By Virginia Little - posted Friday, 15 December 2000


The virtual community or online learning community is a phenomenon of the Internet, an increasingly commonplace product of the new age of communication and connectivity. Online learning communities can be based on personal interests or hobbies, or academic, business, or other intellectual pursuits. Within these groups there is generally a sense of purpose and connectivity. That purpose may be for fun and creativity, for accessing an immediate information source, for distraction from other daily work activities, for learning, networking or collaborating on work projects.

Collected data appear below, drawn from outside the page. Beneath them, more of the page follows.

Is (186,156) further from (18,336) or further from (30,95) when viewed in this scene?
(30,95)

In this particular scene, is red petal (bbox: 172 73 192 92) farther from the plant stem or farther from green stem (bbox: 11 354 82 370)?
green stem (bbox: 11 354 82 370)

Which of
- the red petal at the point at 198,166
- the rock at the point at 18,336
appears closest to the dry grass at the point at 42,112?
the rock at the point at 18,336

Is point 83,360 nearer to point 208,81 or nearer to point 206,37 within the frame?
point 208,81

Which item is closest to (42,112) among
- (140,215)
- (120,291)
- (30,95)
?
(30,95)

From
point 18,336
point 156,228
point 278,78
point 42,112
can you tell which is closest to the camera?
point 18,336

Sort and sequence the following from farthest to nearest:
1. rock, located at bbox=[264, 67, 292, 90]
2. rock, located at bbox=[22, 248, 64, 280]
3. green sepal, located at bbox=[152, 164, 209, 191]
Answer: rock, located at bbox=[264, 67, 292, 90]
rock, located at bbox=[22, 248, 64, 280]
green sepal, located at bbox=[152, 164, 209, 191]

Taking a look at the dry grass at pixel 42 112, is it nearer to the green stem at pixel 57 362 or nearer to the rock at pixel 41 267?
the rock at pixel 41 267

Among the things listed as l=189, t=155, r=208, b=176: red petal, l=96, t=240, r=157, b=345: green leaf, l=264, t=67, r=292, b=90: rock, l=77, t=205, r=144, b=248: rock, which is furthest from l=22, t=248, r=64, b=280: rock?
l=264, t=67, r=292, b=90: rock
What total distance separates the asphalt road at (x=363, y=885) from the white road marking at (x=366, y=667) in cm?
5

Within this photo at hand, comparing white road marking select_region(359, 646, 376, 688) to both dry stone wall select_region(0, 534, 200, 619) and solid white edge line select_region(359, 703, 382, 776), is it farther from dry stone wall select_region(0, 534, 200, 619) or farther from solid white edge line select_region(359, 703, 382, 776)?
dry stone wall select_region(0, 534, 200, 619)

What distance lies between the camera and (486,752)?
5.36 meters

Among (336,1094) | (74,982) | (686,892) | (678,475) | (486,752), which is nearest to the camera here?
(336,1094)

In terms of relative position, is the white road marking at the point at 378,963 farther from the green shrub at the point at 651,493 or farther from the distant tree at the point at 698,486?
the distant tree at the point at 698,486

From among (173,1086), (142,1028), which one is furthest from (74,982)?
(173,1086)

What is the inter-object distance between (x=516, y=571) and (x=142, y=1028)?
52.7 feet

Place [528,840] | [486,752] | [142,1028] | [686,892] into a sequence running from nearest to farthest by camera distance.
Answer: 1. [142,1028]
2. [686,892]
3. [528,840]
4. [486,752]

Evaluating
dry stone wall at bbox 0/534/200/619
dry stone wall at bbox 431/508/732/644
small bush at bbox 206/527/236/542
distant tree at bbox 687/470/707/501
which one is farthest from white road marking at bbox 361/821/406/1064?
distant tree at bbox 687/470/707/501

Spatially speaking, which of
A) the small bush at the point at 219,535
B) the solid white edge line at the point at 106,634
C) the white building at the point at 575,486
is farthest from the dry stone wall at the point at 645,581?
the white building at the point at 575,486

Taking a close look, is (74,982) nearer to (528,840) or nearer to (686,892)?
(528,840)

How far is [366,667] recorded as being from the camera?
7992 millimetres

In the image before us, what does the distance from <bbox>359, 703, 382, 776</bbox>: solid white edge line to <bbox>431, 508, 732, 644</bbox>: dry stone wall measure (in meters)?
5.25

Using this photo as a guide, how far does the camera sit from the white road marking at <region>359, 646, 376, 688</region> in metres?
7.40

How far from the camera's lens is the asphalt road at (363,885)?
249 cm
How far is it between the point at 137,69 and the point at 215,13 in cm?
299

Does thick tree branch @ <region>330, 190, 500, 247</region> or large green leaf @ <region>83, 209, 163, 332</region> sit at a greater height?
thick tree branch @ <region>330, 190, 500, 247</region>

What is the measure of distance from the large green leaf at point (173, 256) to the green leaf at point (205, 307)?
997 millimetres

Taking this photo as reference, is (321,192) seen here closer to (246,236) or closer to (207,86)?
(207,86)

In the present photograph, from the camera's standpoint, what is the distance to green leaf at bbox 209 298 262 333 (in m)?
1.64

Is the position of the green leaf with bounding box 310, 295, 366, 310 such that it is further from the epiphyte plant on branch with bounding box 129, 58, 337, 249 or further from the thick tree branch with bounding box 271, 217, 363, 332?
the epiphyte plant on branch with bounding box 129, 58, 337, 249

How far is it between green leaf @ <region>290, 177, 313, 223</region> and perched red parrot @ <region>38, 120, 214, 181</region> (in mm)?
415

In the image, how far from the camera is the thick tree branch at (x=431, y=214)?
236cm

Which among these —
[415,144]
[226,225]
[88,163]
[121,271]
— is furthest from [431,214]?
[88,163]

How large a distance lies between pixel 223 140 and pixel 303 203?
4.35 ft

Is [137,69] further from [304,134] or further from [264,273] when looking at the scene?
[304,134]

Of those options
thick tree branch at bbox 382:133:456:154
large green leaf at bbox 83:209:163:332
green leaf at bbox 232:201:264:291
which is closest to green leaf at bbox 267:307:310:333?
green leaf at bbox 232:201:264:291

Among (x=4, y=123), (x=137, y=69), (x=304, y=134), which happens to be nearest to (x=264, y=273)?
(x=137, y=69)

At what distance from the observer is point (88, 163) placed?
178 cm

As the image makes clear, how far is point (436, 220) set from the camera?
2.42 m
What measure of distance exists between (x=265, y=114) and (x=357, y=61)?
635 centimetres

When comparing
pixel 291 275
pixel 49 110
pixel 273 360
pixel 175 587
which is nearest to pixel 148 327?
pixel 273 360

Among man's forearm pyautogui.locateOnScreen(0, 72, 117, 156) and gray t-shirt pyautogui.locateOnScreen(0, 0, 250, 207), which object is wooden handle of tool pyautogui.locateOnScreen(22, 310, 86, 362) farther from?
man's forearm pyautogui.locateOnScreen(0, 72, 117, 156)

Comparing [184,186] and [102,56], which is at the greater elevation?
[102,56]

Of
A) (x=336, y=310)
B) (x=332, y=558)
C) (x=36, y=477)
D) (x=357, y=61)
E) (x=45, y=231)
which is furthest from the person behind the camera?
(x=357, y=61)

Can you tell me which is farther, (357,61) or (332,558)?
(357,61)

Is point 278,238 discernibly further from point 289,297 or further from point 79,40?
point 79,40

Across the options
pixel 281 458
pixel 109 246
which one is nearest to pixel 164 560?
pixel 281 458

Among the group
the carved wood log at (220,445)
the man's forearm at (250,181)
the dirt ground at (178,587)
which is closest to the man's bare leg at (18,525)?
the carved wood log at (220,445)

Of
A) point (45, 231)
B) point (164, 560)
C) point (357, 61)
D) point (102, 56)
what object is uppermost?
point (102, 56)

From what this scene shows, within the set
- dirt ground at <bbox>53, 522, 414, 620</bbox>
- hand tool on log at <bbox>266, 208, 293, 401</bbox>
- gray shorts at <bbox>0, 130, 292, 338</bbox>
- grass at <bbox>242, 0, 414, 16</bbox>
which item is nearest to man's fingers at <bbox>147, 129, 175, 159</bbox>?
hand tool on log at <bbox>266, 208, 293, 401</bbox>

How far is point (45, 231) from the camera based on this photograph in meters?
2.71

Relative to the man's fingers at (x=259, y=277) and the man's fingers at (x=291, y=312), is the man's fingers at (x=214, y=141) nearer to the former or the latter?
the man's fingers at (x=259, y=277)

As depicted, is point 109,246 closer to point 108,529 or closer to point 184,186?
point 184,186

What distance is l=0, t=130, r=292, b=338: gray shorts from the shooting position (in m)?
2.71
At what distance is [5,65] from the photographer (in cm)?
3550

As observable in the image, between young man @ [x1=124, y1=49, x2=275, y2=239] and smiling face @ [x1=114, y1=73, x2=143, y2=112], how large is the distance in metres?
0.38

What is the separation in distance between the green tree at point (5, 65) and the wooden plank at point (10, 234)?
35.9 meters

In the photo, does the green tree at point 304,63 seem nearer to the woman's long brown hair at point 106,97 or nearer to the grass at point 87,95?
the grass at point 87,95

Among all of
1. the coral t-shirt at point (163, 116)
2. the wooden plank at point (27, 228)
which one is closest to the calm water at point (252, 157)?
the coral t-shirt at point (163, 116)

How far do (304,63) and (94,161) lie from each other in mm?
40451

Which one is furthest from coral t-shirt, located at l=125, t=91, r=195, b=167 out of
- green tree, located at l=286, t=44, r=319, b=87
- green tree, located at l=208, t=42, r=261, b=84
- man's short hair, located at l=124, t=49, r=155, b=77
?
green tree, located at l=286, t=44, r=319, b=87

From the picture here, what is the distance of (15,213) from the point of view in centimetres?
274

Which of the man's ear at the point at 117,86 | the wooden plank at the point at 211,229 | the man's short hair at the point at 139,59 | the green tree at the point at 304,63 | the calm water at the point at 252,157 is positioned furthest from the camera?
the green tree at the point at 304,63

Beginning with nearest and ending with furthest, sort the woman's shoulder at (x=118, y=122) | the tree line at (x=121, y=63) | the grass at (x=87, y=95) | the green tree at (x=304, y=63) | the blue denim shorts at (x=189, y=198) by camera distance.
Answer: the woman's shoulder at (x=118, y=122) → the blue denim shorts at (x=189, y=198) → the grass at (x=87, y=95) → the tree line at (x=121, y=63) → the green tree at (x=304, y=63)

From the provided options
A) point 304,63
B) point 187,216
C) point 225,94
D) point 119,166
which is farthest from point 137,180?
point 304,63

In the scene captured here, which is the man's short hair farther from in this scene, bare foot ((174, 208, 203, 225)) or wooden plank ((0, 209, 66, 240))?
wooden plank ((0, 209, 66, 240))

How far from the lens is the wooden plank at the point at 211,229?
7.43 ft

The learning community 21 BEAT St., an acronym for the intersection of Business, Education, Arts and Technology in the 21st century, was created in 1994 for high-school students studying creative writing, and educators interested in learning more about teaching, technology and facilitating learning online. This is perhaps the first time in all of human history where such a development has been possible, and it has fostered friendships and community growth among the students by erasing external pressures commonly prevalent in regular school environments. The educators, in turn, learned how to augment and/or deliver their teaching online by engaging with the younger students, much like a student-teaching experience in a traditional classroom.

Our program has attracted interest and participation from an impressive array of people — visiting authors and poets, groups of students, and individuals ranging in age from adolescent to 80, signing on from around the world. Participant numbers have ranged from 20 to 120 since the program’s inception. Clearly, on-line communications serve to enhance geographically proximal ones and eradicate distance barriers for learners in remote locations.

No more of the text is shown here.